• [ASSIGNED TASK]:
Copy the entries exactly. Their pictures do not belong in the copy.

(LISTED RECORDS Opens)

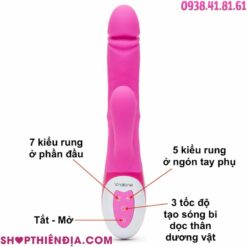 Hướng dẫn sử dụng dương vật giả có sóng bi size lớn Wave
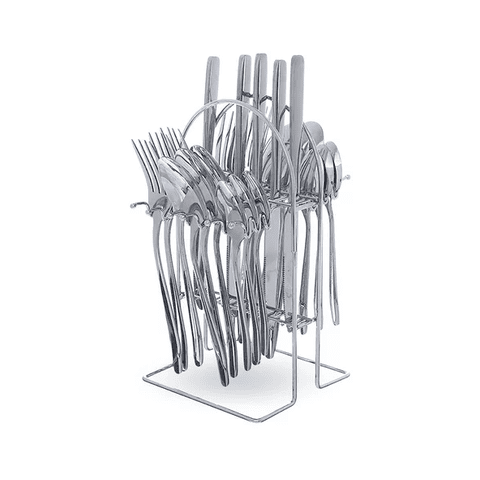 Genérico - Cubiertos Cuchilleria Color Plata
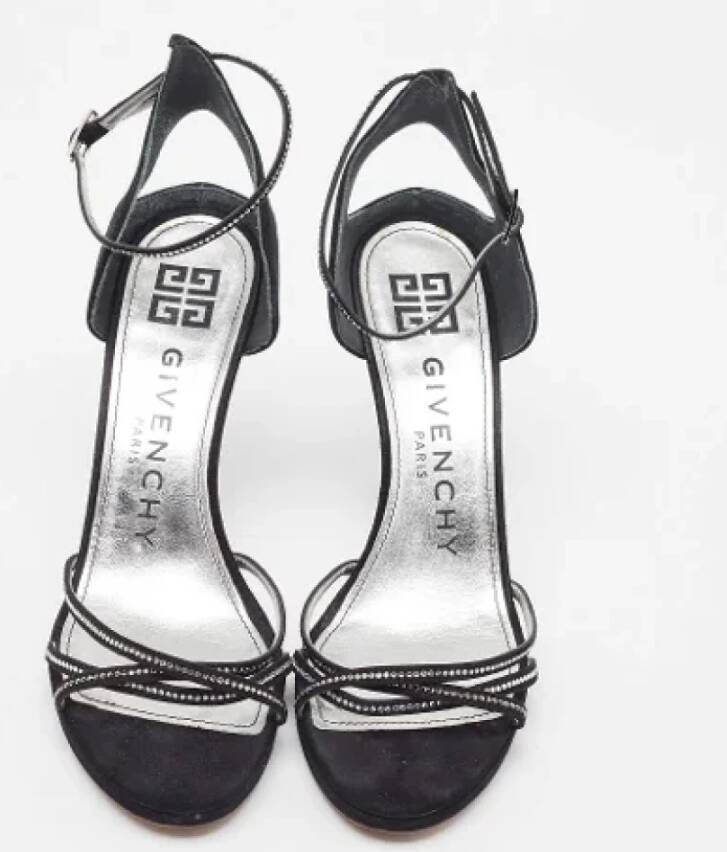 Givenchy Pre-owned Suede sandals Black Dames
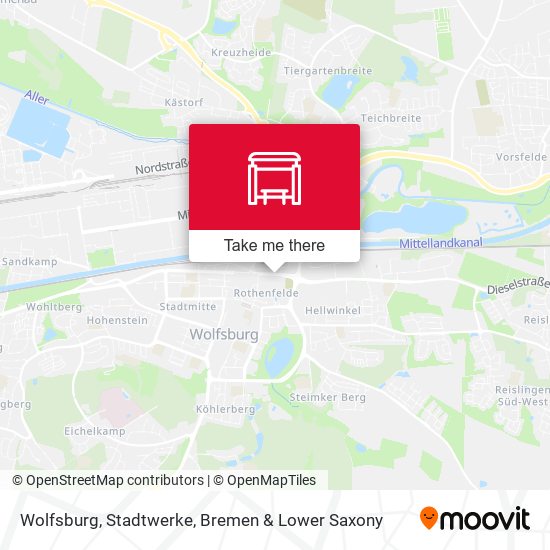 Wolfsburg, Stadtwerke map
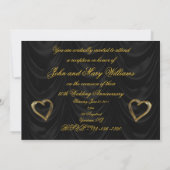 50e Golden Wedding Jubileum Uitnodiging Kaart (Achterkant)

(LISTED RECORDS Closes)

• [RESPONSE TO THE TASK]:
 Hướng dẫn sử dụng dương vật giả có sóng bi size lớn Wave
 Genérico - Cubiertos Cuchilleria Color Plata
 Givenchy Pre-owned Suede sandals Black Dames
 Wolfsburg, Stadtwerke map
 50e Golden Wedding Jubileum Uitnodiging Kaart (Achterkant)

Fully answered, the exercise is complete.